On Saturday, author Lance Oliver will speak at the White River branch of Johnson County Public Library in Greenwood.
He wrote “The Ride So Far: Tales From A Motorcycling Life,” and his appearance will kick-start “Hit the Road, READ!,” a countywide reading initiative presented by all three of the county’s public library districts.
People of all ages will be encouraged to read one of three motorcycle-focused books, meet authors who have devoted their lives to motorcycles, do leather crafts and learn about bike safety.
“We just wanted to bring the county together to talk about literacy, bring us together as one community and enjoy reading,” said Amy Kitchen, spokeswoman for the Johnson County Public Library. “Motorcycles are a new twist and a fun focus. It’ll be the fall, and we thought this was a perfect time to do this.”
Organizers have picked three books that deal with motorcycling, one each for different reading levels. For older readers, they chose Oliver’s book. Teens can escape into the freedom of the road in John Green’s “Paper Towns,” while children will enjoy the hijinks of Beverly Cleary’s “The Mouse and the Motorcycle.”
“Our goal was to find something that would catch on every age group,” Kitchen said. “We wanted to find something that would meet everyone’s needs.”
While the libraries in Johnson County, Edinburgh and Greenwood have created individual reading events before, this is the first time the three districts have banded together to do something countywide. Kitchen, Greenwood director of development Jane Weisenbach and Edinburgh library director Cathy Hamm all worked to create a monthlong event.
Local motorcycle group American Bikers Aimed Towards Education and Indianapolis Southside Harley-Davidson helped fund and host certain events.
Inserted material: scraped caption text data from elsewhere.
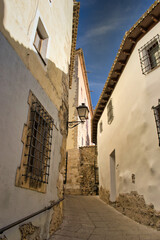 Roofs and houses in the city of Cuenca, Castilla la Mancha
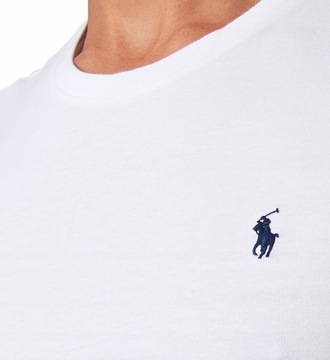 POLO RALPH LAUREN T-SHIRT KOSZULKA BIAŁY r.M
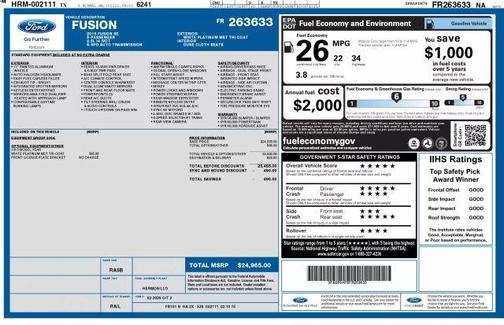 2015 Ford Fusion SE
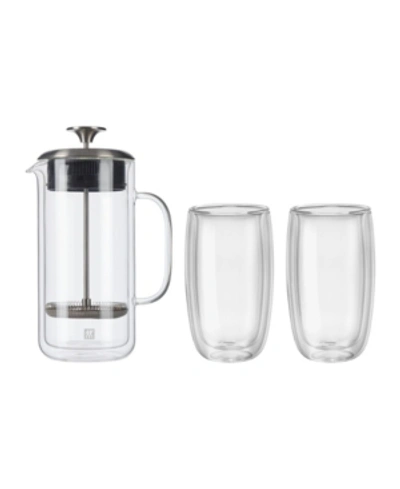 Shop J.a. Henckels Zwilling Sorrento French Press And Latte Glasses, Set Of 3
A $3,000 grant from the Johnson County Community Foundation helped pay for appearances by two motorcycle-related authors, Oliver and Jean Davidson, granddaughter of one of the founders of Harley-Davidson.
This is an admirable endeavor, and the synergy of the three library systems working together should make it even more successful. In addition, the subject matter — motorcycles — might attract participants who otherwise might not take part.
Reading is a valuable skill and lifelong pastime. This kind of special emphasis might even reignite someone’s interest and prompt them to pick up a book.
We commend the libraries for this project. We hope the buzz it creates will approach a Harley’s almost trademark roar.